Records from a collection
..........

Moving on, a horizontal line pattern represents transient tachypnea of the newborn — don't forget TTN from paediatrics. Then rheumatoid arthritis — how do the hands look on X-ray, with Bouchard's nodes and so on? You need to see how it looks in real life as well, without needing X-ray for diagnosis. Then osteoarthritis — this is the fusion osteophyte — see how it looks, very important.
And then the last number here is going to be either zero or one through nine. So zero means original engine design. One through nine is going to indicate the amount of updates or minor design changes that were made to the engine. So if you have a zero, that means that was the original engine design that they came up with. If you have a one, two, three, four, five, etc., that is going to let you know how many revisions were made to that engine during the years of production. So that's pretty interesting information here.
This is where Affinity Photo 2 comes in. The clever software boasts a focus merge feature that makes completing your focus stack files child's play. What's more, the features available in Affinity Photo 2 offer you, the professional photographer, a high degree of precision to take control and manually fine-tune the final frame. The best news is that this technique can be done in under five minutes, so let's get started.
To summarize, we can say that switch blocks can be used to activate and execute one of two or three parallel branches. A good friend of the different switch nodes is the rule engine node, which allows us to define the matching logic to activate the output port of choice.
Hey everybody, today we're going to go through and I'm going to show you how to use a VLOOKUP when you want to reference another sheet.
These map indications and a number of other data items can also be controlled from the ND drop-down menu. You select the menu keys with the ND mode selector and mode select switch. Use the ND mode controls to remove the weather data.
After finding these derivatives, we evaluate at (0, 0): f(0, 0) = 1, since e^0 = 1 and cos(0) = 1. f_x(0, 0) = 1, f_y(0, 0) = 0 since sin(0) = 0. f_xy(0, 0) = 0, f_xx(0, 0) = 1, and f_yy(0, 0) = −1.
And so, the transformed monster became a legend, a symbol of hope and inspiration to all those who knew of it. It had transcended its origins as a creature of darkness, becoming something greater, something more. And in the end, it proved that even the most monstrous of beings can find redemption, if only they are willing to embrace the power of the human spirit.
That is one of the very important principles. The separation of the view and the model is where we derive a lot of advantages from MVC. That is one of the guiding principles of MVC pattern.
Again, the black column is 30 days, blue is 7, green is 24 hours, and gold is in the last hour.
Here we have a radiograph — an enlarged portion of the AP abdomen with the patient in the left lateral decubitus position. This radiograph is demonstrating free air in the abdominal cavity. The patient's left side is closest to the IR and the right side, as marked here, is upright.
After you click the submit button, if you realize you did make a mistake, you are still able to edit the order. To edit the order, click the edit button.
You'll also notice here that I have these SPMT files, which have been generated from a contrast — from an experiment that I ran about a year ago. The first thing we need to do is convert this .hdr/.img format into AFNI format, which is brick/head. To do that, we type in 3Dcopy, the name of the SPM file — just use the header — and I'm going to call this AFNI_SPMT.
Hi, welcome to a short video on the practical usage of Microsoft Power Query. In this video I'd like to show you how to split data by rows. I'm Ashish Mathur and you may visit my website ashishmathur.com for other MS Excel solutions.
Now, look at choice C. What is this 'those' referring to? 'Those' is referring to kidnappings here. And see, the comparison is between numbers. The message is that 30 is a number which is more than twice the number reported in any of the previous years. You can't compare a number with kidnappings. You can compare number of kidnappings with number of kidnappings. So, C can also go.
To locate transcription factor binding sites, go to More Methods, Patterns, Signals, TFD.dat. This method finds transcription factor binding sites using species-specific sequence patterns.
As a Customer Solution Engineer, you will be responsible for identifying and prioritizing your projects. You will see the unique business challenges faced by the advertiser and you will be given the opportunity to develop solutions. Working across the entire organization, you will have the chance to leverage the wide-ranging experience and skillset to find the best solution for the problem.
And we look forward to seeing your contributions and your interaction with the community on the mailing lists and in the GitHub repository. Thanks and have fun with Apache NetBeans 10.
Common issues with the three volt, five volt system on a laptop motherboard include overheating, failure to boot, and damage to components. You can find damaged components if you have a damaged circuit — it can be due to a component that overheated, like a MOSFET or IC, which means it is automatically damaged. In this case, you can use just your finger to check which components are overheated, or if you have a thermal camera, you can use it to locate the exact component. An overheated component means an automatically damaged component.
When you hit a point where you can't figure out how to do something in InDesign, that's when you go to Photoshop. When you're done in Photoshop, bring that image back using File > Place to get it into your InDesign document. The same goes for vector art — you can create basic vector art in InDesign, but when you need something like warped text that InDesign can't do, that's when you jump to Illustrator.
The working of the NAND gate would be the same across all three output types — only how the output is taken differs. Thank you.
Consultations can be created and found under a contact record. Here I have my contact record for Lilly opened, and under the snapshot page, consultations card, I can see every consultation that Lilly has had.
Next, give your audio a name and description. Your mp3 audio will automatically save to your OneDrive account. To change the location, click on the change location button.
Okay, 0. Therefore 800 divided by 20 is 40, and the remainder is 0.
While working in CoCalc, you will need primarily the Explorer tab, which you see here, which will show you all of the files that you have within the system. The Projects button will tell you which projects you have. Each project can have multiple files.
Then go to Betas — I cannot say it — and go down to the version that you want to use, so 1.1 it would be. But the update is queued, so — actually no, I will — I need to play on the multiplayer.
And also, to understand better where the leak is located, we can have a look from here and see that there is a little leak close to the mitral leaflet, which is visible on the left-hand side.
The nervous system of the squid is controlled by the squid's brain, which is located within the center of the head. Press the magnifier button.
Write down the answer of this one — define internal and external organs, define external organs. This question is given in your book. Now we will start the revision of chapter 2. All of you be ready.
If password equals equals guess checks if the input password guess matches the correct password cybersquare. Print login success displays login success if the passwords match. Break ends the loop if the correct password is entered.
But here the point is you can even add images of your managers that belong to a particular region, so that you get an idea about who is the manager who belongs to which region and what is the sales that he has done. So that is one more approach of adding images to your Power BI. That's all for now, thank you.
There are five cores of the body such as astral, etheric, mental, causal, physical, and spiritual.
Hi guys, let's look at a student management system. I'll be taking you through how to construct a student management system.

..........

Your instructions:
Select every line above that contains the word "located", and copy it.

Exercise answer:
And also, to understand better where the leak is located, we can have a look from here and see that there is a little leak close to the mitral leaflet, which is visible on the left-hand side.
The nervous system of the squid is controlled by the squid's brain, which is located within the center of the head. Press the magnifier button.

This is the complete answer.